BJC Executive Director Amanda Tyler applauded the announcement, saying Rogers “has the expertise and experience necessary to lead the reestablished White House Office of Faith-Based and Neighborhood Partnerships at a crucial time when our country is facing multiple crises.”
“Her appointment to the Domestic Policy Council also shows that the administration recognizes the complexity and intersection of religious freedom concerns across a number of domestic policy issues,” Tyler said.
She added Dickson and Baker “both have strong records of collaborating with a number of religious and community organizations representing the full breadth of our pluralistic society.”
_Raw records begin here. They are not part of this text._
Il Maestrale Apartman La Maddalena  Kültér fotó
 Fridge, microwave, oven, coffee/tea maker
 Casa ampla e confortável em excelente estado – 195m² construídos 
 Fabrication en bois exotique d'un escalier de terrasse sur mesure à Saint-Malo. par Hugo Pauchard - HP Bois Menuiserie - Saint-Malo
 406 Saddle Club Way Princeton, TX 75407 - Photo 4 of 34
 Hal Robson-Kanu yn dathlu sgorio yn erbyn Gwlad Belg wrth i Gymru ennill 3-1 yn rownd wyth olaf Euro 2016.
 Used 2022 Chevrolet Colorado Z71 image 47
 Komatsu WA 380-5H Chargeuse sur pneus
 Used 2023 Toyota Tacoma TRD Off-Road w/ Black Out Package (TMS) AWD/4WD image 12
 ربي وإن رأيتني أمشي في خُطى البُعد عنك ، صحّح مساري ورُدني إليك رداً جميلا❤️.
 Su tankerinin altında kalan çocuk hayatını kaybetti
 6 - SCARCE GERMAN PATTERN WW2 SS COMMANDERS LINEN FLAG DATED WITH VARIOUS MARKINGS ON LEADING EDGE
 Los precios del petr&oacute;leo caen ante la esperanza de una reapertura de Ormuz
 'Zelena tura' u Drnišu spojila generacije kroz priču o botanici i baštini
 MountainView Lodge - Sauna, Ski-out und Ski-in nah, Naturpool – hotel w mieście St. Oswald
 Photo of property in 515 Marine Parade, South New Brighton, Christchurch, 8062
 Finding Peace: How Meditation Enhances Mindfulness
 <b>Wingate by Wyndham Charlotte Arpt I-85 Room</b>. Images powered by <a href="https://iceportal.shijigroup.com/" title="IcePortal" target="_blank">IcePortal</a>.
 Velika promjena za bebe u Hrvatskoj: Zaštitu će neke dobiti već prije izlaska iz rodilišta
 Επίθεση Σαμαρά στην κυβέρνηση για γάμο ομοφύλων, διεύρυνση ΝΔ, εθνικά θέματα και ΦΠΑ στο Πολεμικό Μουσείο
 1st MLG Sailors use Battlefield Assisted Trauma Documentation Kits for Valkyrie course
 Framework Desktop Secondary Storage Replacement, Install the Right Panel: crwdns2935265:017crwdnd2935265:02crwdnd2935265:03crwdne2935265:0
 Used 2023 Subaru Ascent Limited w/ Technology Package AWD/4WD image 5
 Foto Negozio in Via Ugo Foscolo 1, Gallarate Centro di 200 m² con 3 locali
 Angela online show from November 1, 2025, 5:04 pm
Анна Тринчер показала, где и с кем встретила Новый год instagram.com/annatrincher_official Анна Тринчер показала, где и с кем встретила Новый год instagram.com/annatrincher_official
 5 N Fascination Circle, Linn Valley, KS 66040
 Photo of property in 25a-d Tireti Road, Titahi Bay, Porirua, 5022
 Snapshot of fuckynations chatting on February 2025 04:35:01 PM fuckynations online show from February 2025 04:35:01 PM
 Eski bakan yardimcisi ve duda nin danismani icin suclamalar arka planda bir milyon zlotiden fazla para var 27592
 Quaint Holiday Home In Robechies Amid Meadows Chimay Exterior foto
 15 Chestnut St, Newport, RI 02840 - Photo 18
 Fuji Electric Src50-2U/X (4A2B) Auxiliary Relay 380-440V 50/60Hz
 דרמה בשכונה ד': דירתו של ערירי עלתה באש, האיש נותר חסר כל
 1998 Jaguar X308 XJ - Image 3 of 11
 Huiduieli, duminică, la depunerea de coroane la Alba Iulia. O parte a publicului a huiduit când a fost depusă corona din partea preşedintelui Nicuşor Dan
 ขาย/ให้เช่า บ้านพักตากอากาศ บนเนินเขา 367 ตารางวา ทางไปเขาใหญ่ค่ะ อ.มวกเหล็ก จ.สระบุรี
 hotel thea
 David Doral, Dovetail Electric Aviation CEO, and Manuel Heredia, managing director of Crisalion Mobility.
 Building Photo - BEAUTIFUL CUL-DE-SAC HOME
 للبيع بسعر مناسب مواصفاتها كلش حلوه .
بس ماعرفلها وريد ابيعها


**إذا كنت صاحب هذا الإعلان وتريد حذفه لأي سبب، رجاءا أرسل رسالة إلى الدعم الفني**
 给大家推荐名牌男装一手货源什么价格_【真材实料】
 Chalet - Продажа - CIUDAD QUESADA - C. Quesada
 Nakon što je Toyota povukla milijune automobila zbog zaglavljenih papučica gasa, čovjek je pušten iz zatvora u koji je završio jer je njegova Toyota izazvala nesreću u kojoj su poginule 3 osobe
Rachel Laser, president and CEO of Americans United for Separation of Church and State, likewise affirmed the executive order and Rogers’ reappointment to the office.
“Rogers’ mastery of church-state law and policy and her track record of finding shared values make her exceedingly qualified for both positions. When she served in the Obama administration, Rogers successfully worked with people across faiths and the nonreligious to adopt policies that protect the religious freedom of people who use federally funded social services,” Laser said.
“Americans United looks forward to working with the administration to restore church-state protections that safeguard everyone’s religious freedom. Government partnerships with faith-based organizations must be evidence-based, inclusive and equally welcoming for people of all faiths and the nonreligious. They must prohibit taxpayer-funded employment discrimination. And social service providers accepting government funds must not be allowed to discriminate against people in their programs or force them to participate in religious activities in order to receive vital services.”